At present, HM Revenue & Customs has time limits on how far back
it can go to scrutinise people’s accounts if it suspects a
problem. Where a person is suspected of not notifying a problem
or deliberately hiding money, the authority can go back as far as
20 years; with “careless errors”, as it defines them, HMRC can go
back six years, and where there are cases of “reasonable care or
reasonable excuse,” the time limit is four years.

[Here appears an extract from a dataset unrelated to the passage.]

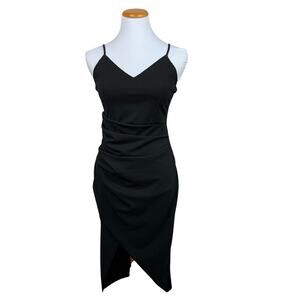 Lulus Dress Luxe Option Black Tulip Sleeveless Women's M Party Cocktail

However, HMRC is extending the four- and six-year time limits to
12 years for income tax, capital gains tax and inheritance tax
where there are “offshore matters”. (The changes do not, however,
apply to corporation taxes.)
“The extension of time limits relating to offshore matters is
widely viewed as unnecessary and alarming, a view that appears to
be shared by The House of Lords,” Dawn Register, tax dispute
resolution partner at BDO, said. (She was referring to comments
recently made in the UK’s upper legislative chamber about the
matter.)
“The 12 years goes far beyond the normal four-year time limit for
assessments and therefore, could severely impact those who are
fully UK tax complaint. In addition, we expect these measures
will increase both record keeping and professional advice costs,”
Register said.
A succession of recent Conservative, coalition and Labour
governments have tightened the screws on alleged tax evaders and
the types of tax avoiders. For example, authorities have made tax
evasion a strict liability offence, which means prosecutors no
longer have to prove intent to defraud the tax collector, a fact
that in the past had stymied a number of cases. (Some
critics worry that this change erodes important protection
for the innocent.)
BDO’s Register said that the government already has plenty of
powers it can use without having to expand its time limits.

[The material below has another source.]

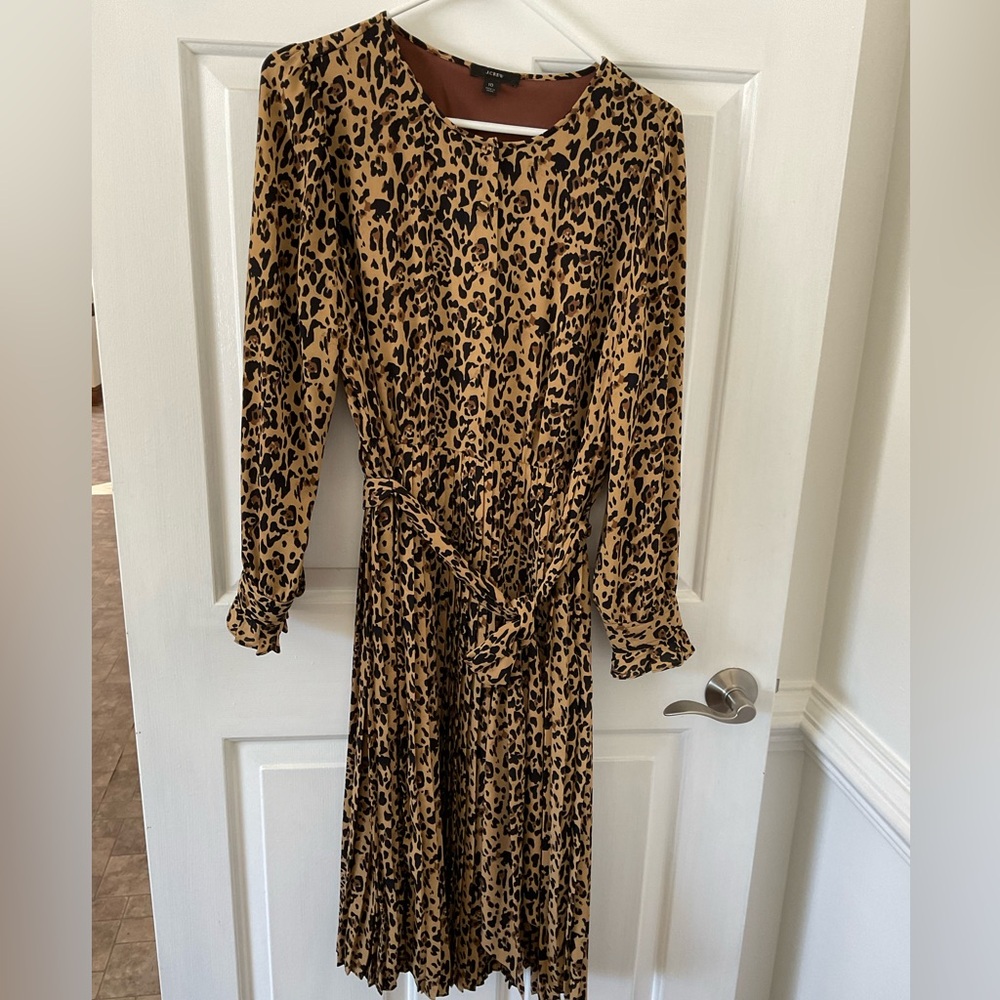 J. Crew Animal Print Long Sleeve Dress pleated belted ruffle leopard cheetah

“Of course we fundamentally support HMRC’s action to tackle tax
evasion. However HMRC already has wide ranging civil and criminal
sanctions to tackle evasion, both onshore and offshore,” she
said.
Register argued – and repeated these points to
WealthBriefing in a call – that bodies such as HMRC
already have extensive powers to root out tax cheats via, for
example, the global information-sharing pacts known collectively
as the Common Reporting Standard.
“This data is also more easily analysed and cross referenced
through advances in IT. Our view is that hardened tax evaders
need to be caught, and enforcement of the existing rules is the
answer rather than more new rules,” she added.